Pada praktiknya, bila fiskus melakukan penagihan pajak yang tidak sesuai dengan peraturan perundang-undangan, Wajib Pajak atau penanggung pajak dapat mengajukan gugatan atas pelaksanaan penagihan pajak. Dengan berlandaskan atas asas keadilan ini juga negara dapat memberikan penundaan atau pengurangan sanksi sesuai dengan ketentuan perundangan yang berlaku.

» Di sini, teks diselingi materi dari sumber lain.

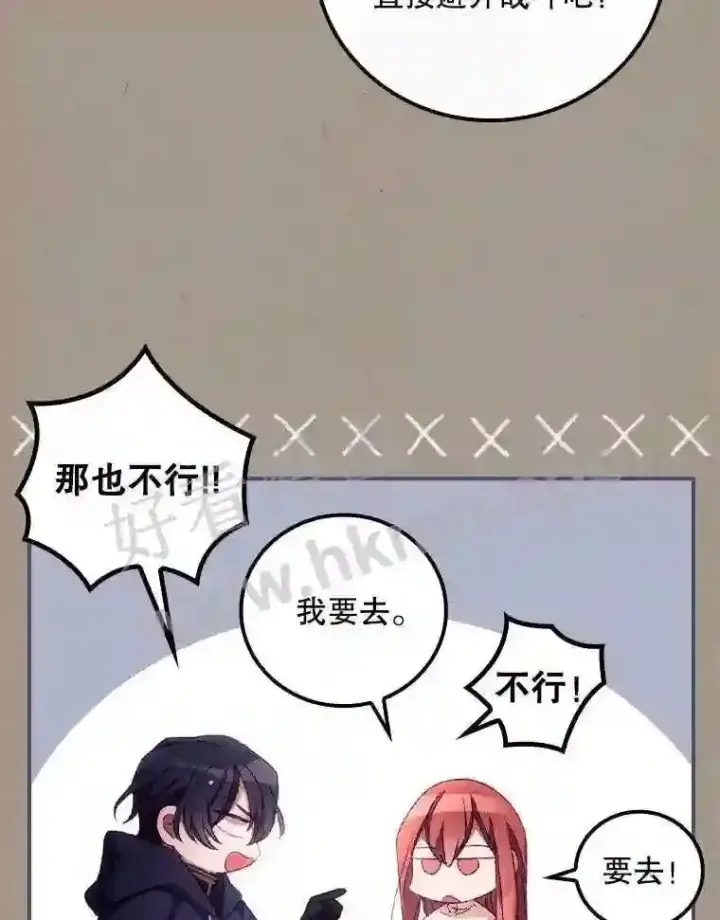 《看见你的结局》18.同行图61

Beberapa penelitian juga telah dilakukan atas efektifitas tindakan penagihan pajak aktif dan kaitannya dengan keadilan. Beberapa hasil penelitian tersebut memberikan kritik perbaikan bagi administrasi penagihan Indonesia. Salah satunya adalah penelitian yang dilakukan Sujianto (2021) yang merekomendasikan adanya perubahan ketentuan terakit pihak-pihak yang dapat disandera (gijzeling) untuk memberikan rasa keadilan.
Manurung et al (2022) berdasarkan penelitiannya menyarankan agar DJP atau fiskus lebih selektif dan mengikuti ketentuan perundang-undangan yang berlaku agar prinsip keadilan tetap terjaga dan mengurangi risiko gugatan yang diajukan oleh penanggung pajak.
Sarwini (2014) menyatakan bahwa tahap-tahap penagihan pajak perlu dilakukan secara persuasif karena sebagaimana pendapat para ahli perpajakn, sesungguhnya pajak merupakan pengalihan kekayaan rakyat pada negara yang digunakan untuk membiayai belanja negara dan hasilnya pun digunakan untuk kesejahteraan rakyat.